Of course, it’s easier to retroactively determine whether a seismic shift has taken place than it is to judge the significance of events in real time. There are also incentives for partisans and pundits to proclaim a realignment is underway without much evidence. Making such a claim will inevitably infuse the election with an even greater degree of drama. “It’s a mushy term that gets used in a lot of ways,” said John Sides, an associate professor of political science at George Washington University. “Sometimes people just apply it to an election outcome they view as significant for whatever reason.” Still, realignment or not, there’s no denying that Trump’s political rise has sent shockwaves through the party.


Amid the ensuing Republican unrest, third parties are likely to look increasingly promising to disaffected Republicans, or even to Democratic voters. Tensions within the GOP could do wonders for recruitment and fundraising for alternative parties. But that doesn’t mean that it’s likely that any third party will suddenly be elevated to the mainstream or elbow out one of the dominant parties. The political system is decidedly stacked against the emergence of a nationally competitive third party as a result of an electoral system that is effectively winner-take-all.

Long odds won’t stop third-party enthusiasts from hoping that the 2016 presidential race will erode two-party dominance. Tom Hoefling, the founder of America’s Party, a conservative political party, for example, thinks a new political era is already at hand. “I don’t get any joy out of the demise of the GOP, but, look, it’s dying,” said Hoefling, who says he expects to soon secure the America’s Party presidential nomination. Republicans are “killing themselves. They’re betraying their own party base,” he said. “You can only do that for so long and people start to catch on.” (Hoefling told me that in addition to his anticipated nod from America’s Party, he has already received the presidential nomination for the American Party, and he is also seeking the nomination from the American Independent Party—all conservative third parties.)

That’s not to say that there aren’t realists. The Constitution Party’s Gemma says tectonic shifts will take a long time to manifest, lamenting that many people who comfortably adhere to the current two-party system simply aren’t ready for major change. “Most conservative leaders and consultants aren’t in it for long-term realignment of the political system,” Gemma said. “They’re not in the game for principles. The idea of starting over, creating something new, that’s hard work. So there’s a hesitancy there. It’s scary.”

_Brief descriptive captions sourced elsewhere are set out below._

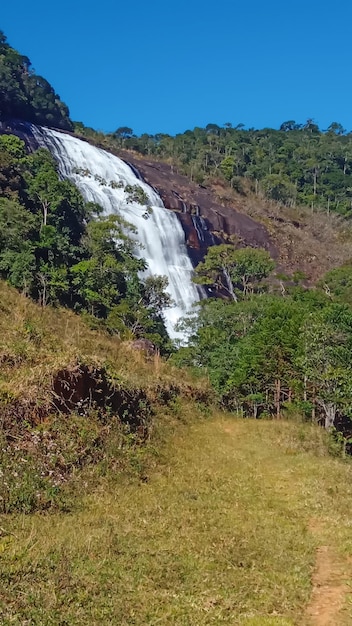 Linda cascata em passa vinte minas gerais brasil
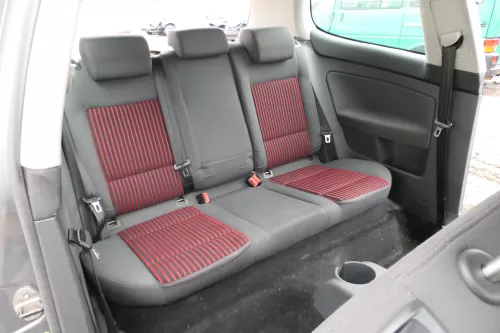 VW Golf 5 V Sitz Sitze hinten Rückbank Rücksitzbank 3 Punkt Lehne rot (166527)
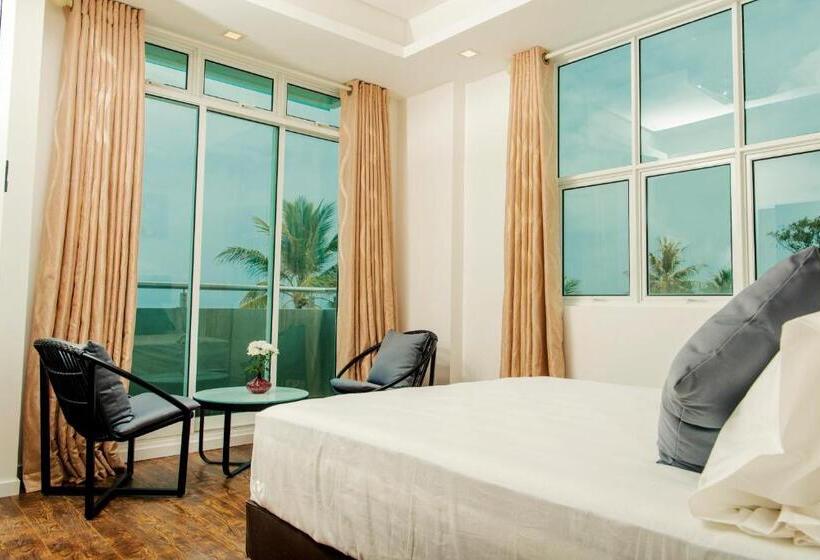 اتاق لوکس با بالکن و چشم‌انداز دریا, Acacia Beach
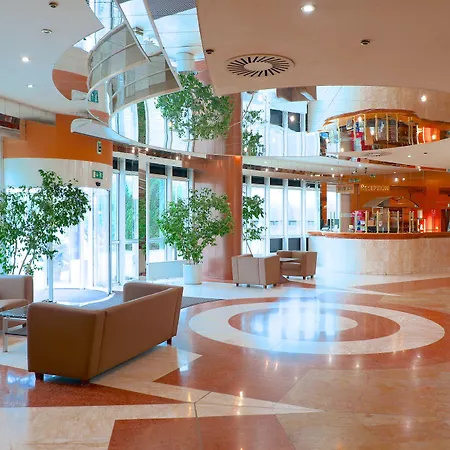 Cosmopolitan Bobycentrum - Czech Leading Hotel 4*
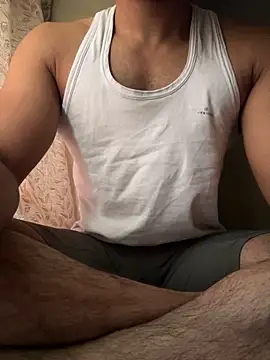 Snapshot of TallMuscularBBC chatting on 03.15.25 TallMuscularBBC online show from 03.15.25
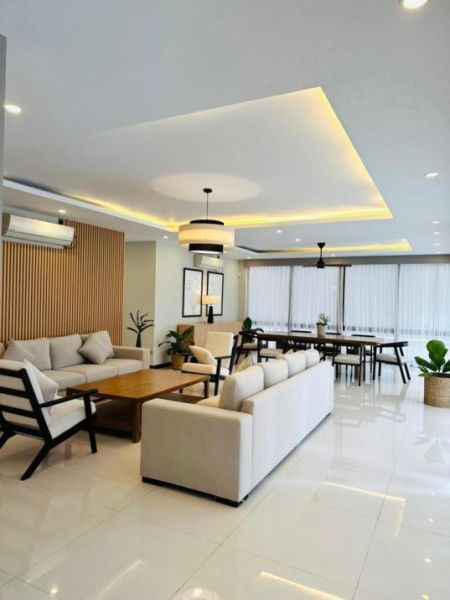 Living Room - 4 Bedroom House for Rent in Pita Kotte, R50536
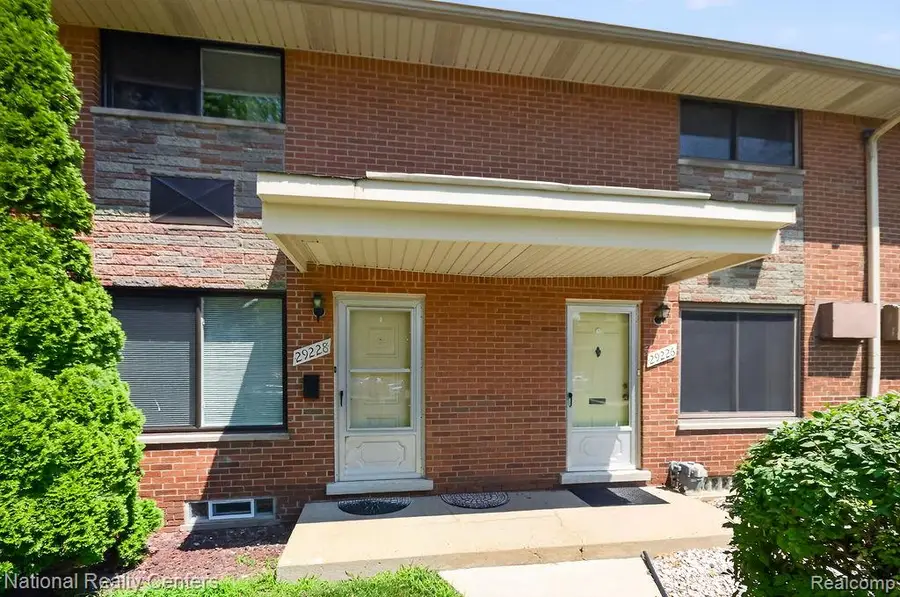29226 Tessmer Court, Madison Heights, MI 48071 - #2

If nothing else, Trump’s challenges to modern-day conservative orthodoxy make it difficult for Republican elites in Washington to ignore the fact that disaffected voters are stridently opposed to the interests of many in the establishment wing of the party. Some conservative candidates running for office will surely model themselves after Trump as a result of his success. But the general election is only just about to begin, and if Trump can’t hold onto the support of voters, or if he flounders, the chances that others will imitate his style are sure to diminish. Beyond that, the mark the real-estate mogul leaves on American politics won’t be easy to untangle from the broader conflict among conservatives over the direction of the party and what it stands for, and that may not be clearly understood for years to come.